Start of Block
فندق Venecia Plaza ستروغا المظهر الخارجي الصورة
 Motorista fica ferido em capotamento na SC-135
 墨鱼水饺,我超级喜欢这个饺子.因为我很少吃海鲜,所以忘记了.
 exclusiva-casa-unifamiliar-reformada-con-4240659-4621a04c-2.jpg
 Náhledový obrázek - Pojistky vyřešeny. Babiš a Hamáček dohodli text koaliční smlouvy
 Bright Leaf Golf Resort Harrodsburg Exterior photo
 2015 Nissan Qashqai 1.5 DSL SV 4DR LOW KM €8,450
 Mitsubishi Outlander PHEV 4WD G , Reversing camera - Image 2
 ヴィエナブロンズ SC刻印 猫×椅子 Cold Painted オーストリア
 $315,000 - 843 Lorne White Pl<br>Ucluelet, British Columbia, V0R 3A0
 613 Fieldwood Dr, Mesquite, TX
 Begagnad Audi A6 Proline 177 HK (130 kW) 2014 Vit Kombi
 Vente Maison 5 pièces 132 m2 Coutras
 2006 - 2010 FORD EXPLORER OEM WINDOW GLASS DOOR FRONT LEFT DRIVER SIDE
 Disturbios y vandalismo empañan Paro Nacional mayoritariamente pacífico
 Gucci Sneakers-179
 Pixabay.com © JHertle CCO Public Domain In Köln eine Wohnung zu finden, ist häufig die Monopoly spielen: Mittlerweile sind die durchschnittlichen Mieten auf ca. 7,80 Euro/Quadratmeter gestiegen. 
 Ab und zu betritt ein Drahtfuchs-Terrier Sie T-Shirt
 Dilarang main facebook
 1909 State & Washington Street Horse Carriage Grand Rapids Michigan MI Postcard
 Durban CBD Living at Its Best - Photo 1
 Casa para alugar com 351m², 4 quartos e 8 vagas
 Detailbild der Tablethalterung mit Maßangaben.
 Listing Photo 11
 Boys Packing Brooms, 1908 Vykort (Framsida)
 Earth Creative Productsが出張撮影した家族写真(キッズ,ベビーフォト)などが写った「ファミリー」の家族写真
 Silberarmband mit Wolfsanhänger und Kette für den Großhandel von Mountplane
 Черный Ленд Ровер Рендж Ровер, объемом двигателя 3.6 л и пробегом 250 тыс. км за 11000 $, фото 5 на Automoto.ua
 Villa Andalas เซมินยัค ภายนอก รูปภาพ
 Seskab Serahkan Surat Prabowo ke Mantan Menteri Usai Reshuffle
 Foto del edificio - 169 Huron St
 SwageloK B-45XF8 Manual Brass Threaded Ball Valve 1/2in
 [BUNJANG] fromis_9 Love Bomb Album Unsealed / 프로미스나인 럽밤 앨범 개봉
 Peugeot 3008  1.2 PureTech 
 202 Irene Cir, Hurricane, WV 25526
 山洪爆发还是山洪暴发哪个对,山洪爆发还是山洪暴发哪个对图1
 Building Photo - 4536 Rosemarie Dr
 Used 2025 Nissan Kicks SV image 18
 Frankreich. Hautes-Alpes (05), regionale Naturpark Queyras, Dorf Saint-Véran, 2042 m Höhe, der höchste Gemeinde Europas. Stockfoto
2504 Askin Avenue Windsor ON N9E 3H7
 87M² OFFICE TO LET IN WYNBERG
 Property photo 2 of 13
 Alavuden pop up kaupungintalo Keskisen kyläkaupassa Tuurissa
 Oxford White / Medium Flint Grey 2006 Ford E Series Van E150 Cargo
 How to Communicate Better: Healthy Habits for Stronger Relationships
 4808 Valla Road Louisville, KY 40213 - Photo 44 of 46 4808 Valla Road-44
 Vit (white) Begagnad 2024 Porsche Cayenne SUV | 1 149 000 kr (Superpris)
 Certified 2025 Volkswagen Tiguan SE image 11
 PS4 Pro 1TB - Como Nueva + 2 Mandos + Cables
End of Block
Only the lines from the one that contains "Building Photo - 4536 Rosemarie Dr" to the end of the data should be output, exactly as they appear.

 Building Photo - 4536 Rosemarie Dr
 Used 2025 Nissan Kicks SV image 18
 Frankreich. Hautes-Alpes (05), regionale Naturpark Queyras, Dorf Saint-Véran, 2042 m Höhe, der höchste Gemeinde Europas. Stockfoto
2504 Askin Avenue Windsor ON N9E 3H7
 87M² OFFICE TO LET IN WYNBERG
 Property photo 2 of 13
 Alavuden pop up kaupungintalo Keskisen kyläkaupassa Tuurissa
 Oxford White / Medium Flint Grey 2006 Ford E Series Van E150 Cargo
 How to Communicate Better: Healthy Habits for Stronger Relationships
 4808 Valla Road Louisville, KY 40213 - Photo 44 of 46 4808 Valla Road-44
 Vit (white) Begagnad 2024 Porsche Cayenne SUV | 1 149 000 kr (Superpris)
 Certified 2025 Volkswagen Tiguan SE image 11
 PS4 Pro 1TB - Como Nueva + 2 Mandos + Cables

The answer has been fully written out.